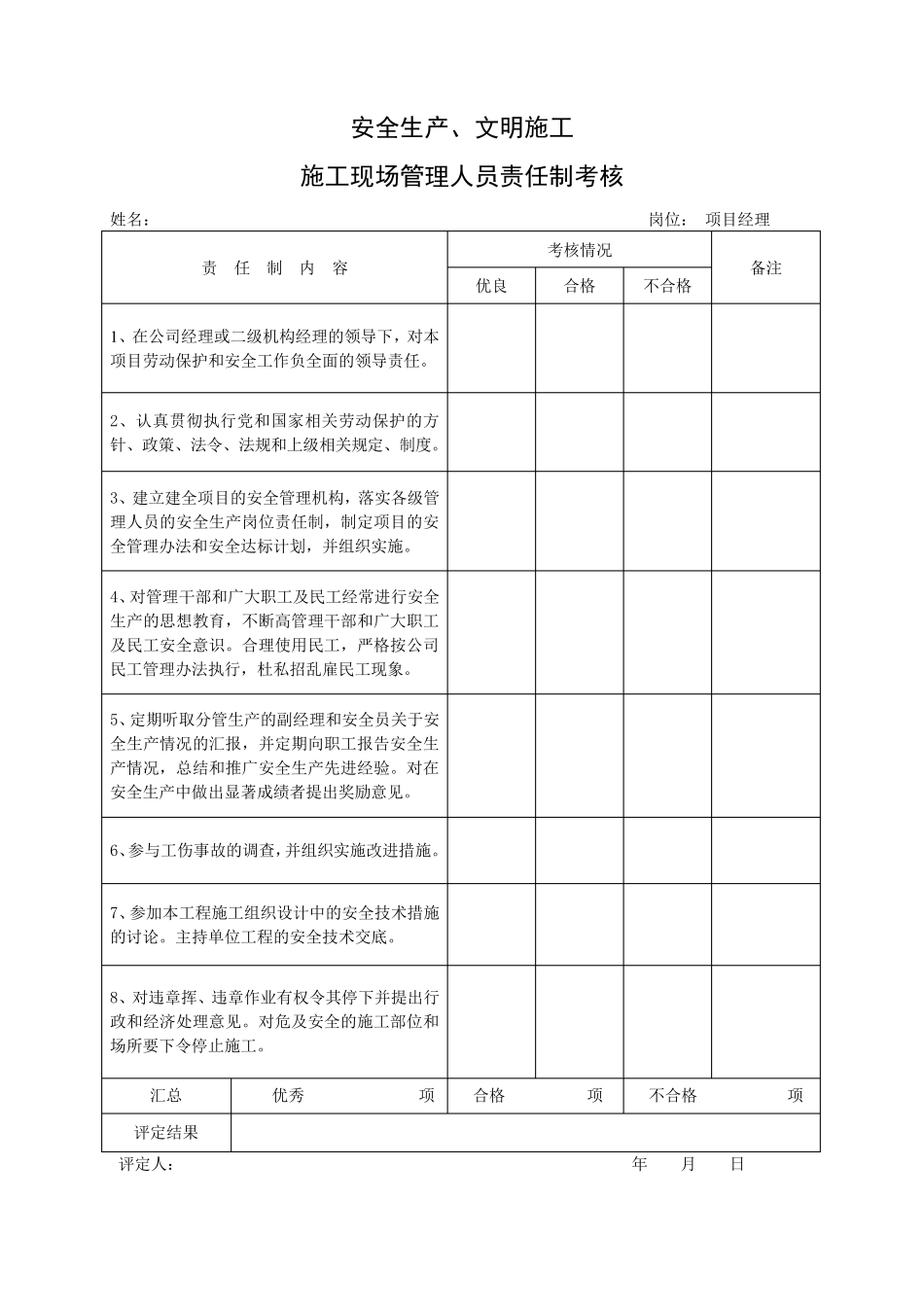 施工现场管理人员责任制考核办法_第2页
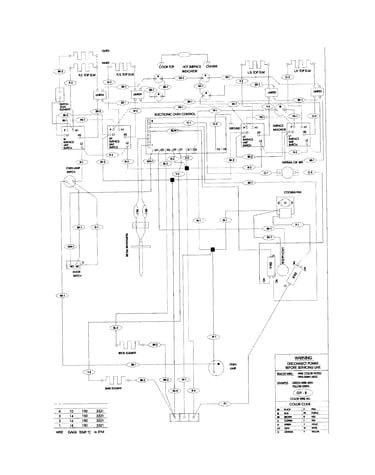 Wiring diagram (ii)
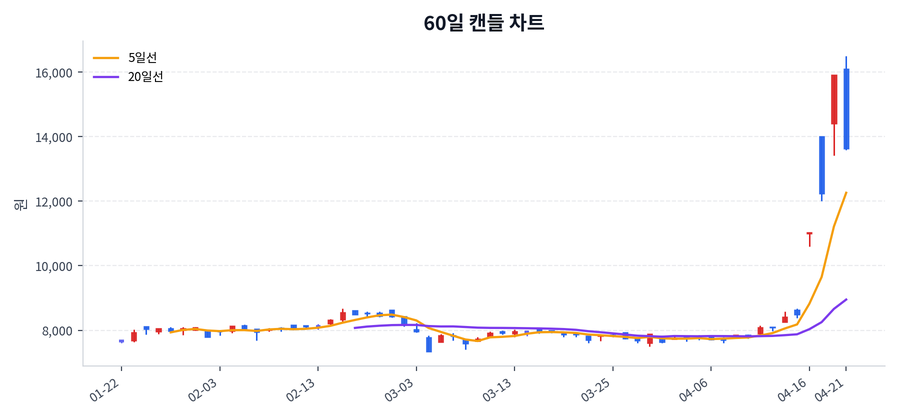 한국정보통신 Price Chart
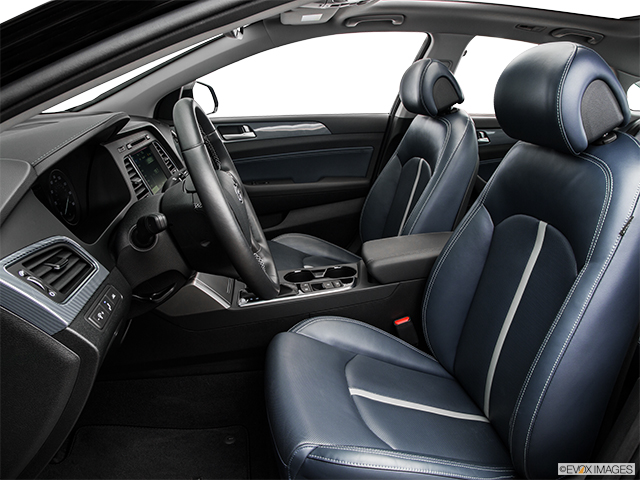 2017 Hyundai Sonata Hybrid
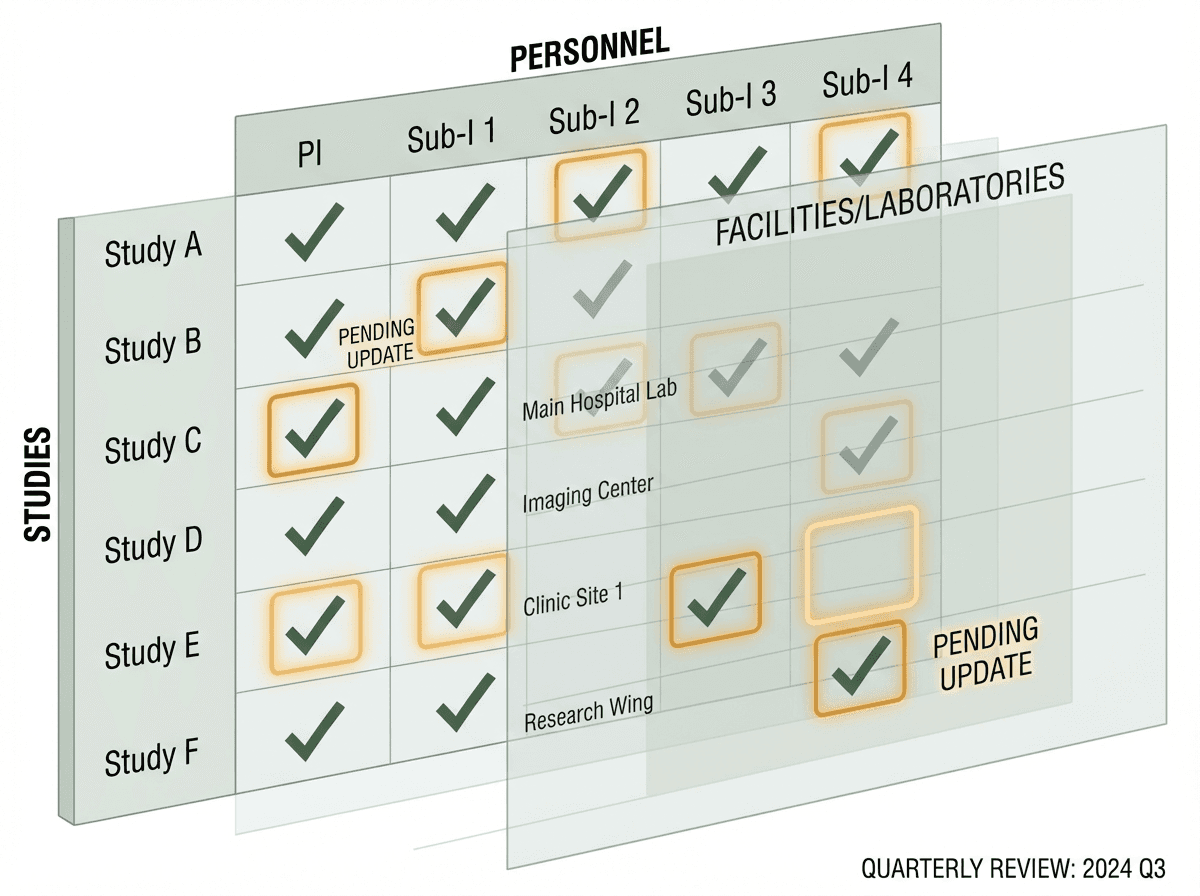 Diagram of a 1572 tracking matrix cross-referencing studies, personnel, and facilities, with amber highlights indicating where changes have been detected but the 1572 has not yet been updated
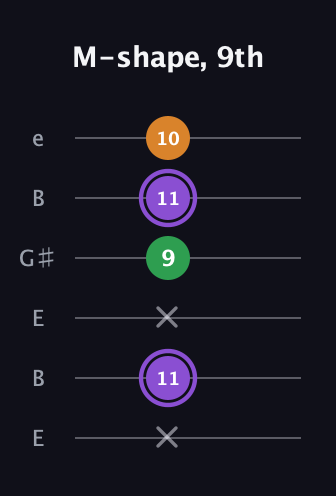 A♯ Major guitar tab — M-shape, 9th (x 11 x 9 11 10) in Open E Tuning (EBEG♯BE)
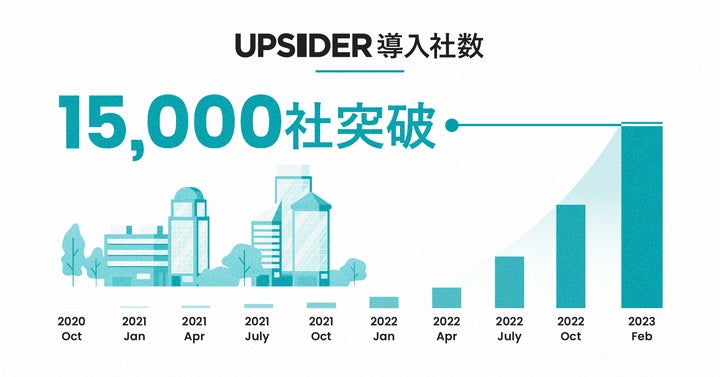 業種別企業案内グラフィックス 美品 未使用 76272-47-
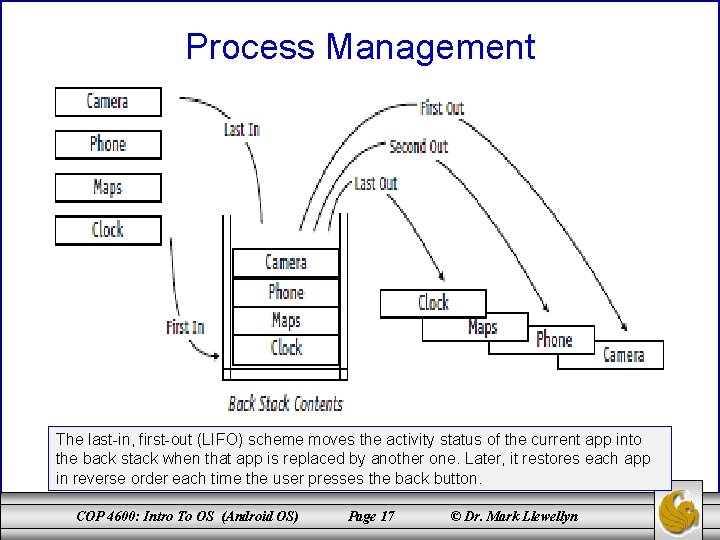 Process Management The last-in, first-out (LIFO) scheme moves the activity status of the current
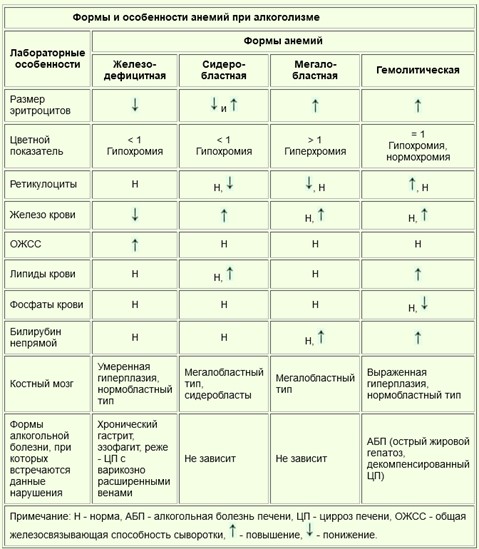 Особенности анемий при алкоголизме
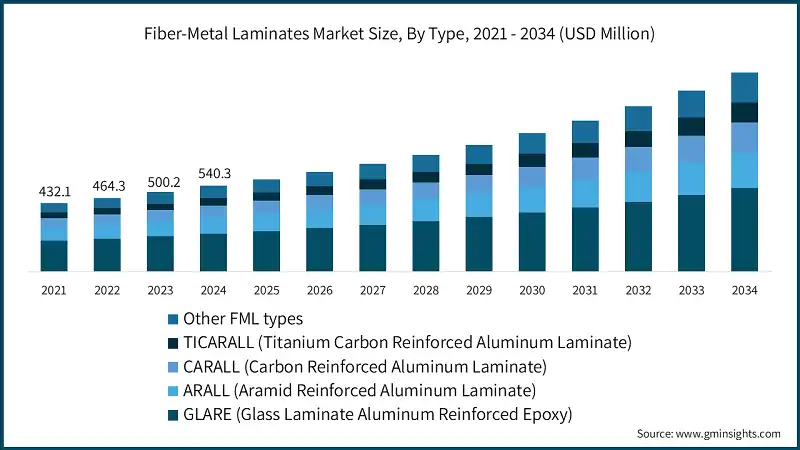 Fiber-Metal Laminates Market Size, By Type, 2021 - 2034 (USD Million)
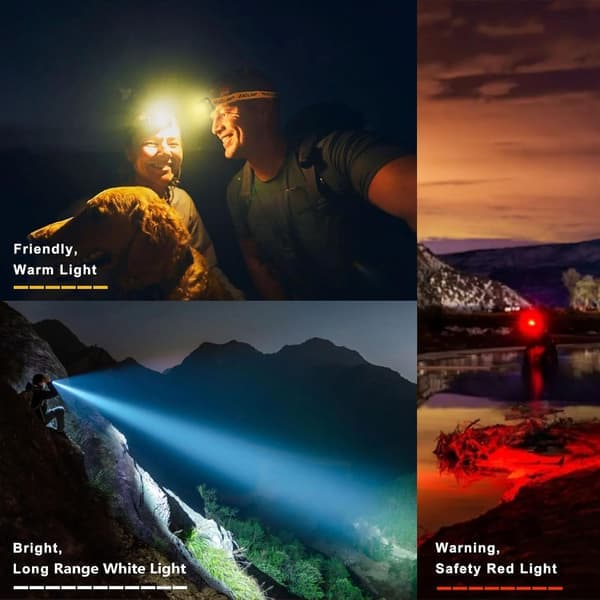 Motion-Activated Rechargeable Headlamp | Lightweight LED with Super Bright Beam, Waterproof for Camping, Running, Hiking & Work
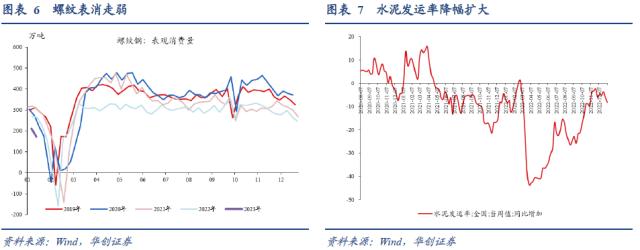 【华创宏观·张瑜团队】疫情过峰追踪：已达峰？感染率多高？——每周经济观察第3期
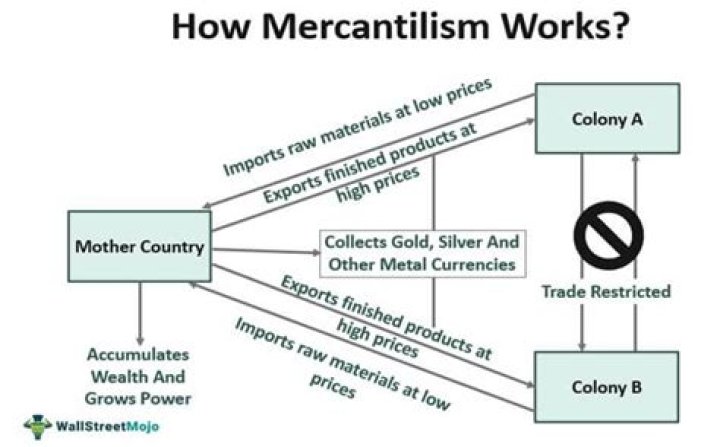 What is the theory of mercantilism and what does it say about importing and exporting?
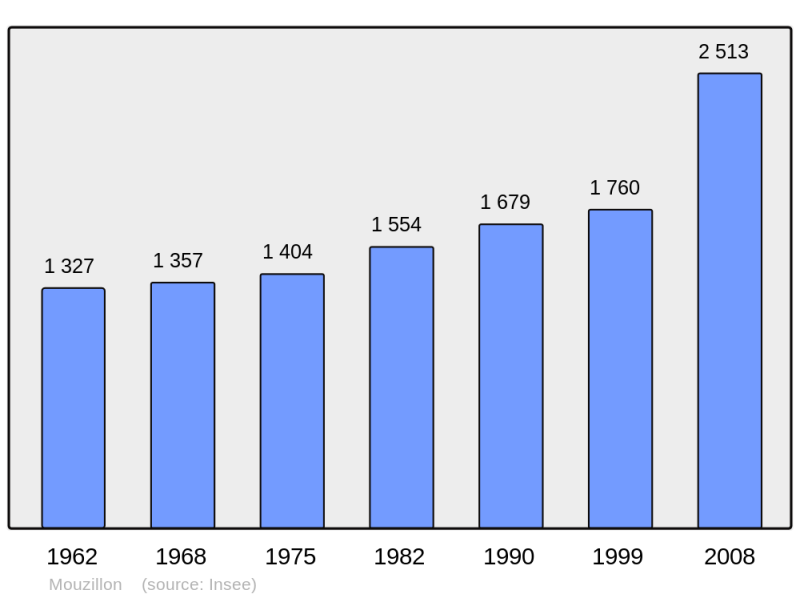Soubor:Population - Municipality code 44108.png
----
> _WHAT IS NEEDED_
Please write out, exactly, every line from the line with "A♯ Major guitar" through the final line of the data above, leaving out pictures.

> _RESPONSE TO THE TASK_
 A♯ Major guitar tab — M-shape, 9th (x 11 x 9 11 10) in Open E Tuning (EBEG♯BE)
 業種別企業案内グラフィックス 美品 未使用 76272-47-
 Process Management The last-in, first-out (LIFO) scheme moves the activity status of the current
 Особенности анемий при алкоголизме
 Fiber-Metal Laminates Market Size, By Type, 2021 - 2034 (USD Million)
 Motion-Activated Rechargeable Headlamp | Lightweight LED with Super Bright Beam, Waterproof for Camping, Running, Hiking & Work
 【华创宏观·张瑜团队】疫情过峰追踪：已达峰？感染率多高？——每周经济观察第3期
 What is the theory of mercantilism and what does it say about importing and exporting?
Soubor:Population - Municipality code 44108.png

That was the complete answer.